There are some things, I guess, that each person needs to learn on his or her own. Last week I was convinced I had stumbled upon the perfect meal for a cold midwinter school night: a simple green salad, a crusty baguette, a two-person goat cheese soufflé, and a bottle of white wine from the Loire. The soufflé is soft while the bread and salad are crunchy, warm while the wine is cool, and light and rich while the salad and wine are acidic. The goat cheese gives everyone a funky, knowing wink. At a time of year when we seem to subsist on pasta, grains, and braised meat, coming up with such an easy and satisfying supper seemed like victory.

When I started planning dinner I had in mind to conjure Elizabeth David’s “almost primitive and elemental meal evoked by the words: ‘Let’s just have an omelette and a glass of wine.’” But I’ve been trying to find new ways to show off my local goat cheese, which seems especially good this winter, and since I lost my mother’s iron omelet pan in a move a few years ago, my omelets haven’t been the same.

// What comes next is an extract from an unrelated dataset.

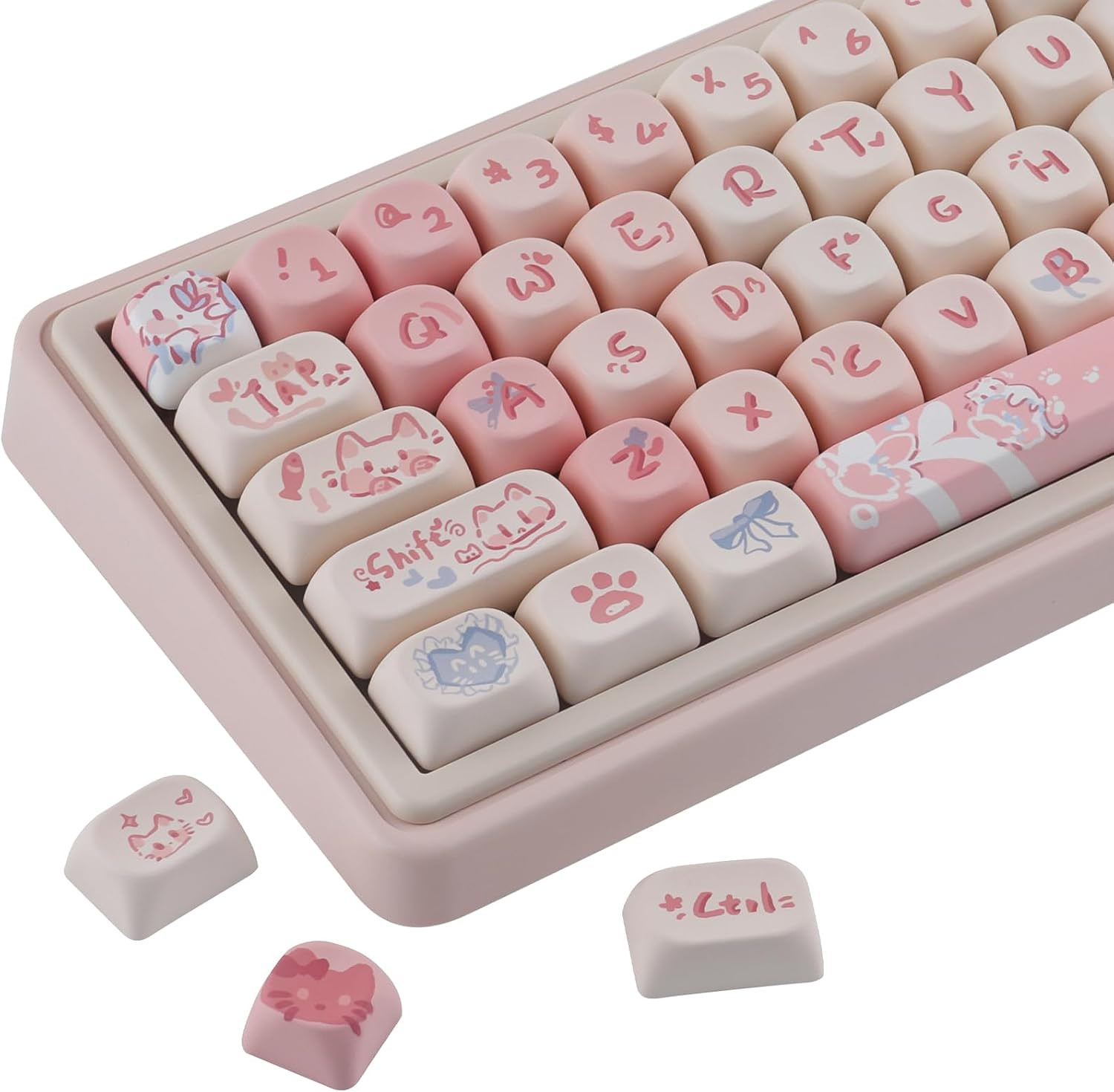 PBT Keycaps,125 Keys Rouge Kitten Custom MOA Profile Keycaps |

The soufflé idea came from James Peterson’s Glorious French Food. He’s got the traditional version, of course, with the milk-and-flour béchamel sauce. But he follows this with a variation so simple it’s even less work (and requires less technique) than an omelet. I smeared a little butter around the inside of a deep, round baking dish, sprinkled in some parmesan I’d run over the Microplane grater, and made a little foil collar in case the soufflé got out of hand. I separated a half dozen eggs and mashed four of the yolks into a six-ounce log of goat cheese. I beat the whites to stiff peaks, folded them into the yolk/cheese mixture, poured the result into the baking dish, and set that in the bottom of a 425°F oven. Twenty minutes later, the soufflé top was brown and trying to peek over the top of the collar. It started collapsing within moments of coming out of the oven, of course, but my wife and I were too busy helping it out onto plates to notice.

And then, after dinner, paging through the soufflé section in Jim Peterson’s book, I found this: “I make soufflés often, usually on those days when there’s nothing but eggs and cheese in the fridge. With a tangy little salad and a glass of white wine, a soufflé makes a perfect, luxurious little meal.” Maybe if I’d read that earlier I wouldn’t have been so surprised at how good the meal was, but I bet I wouldn’t have been any less satisfied.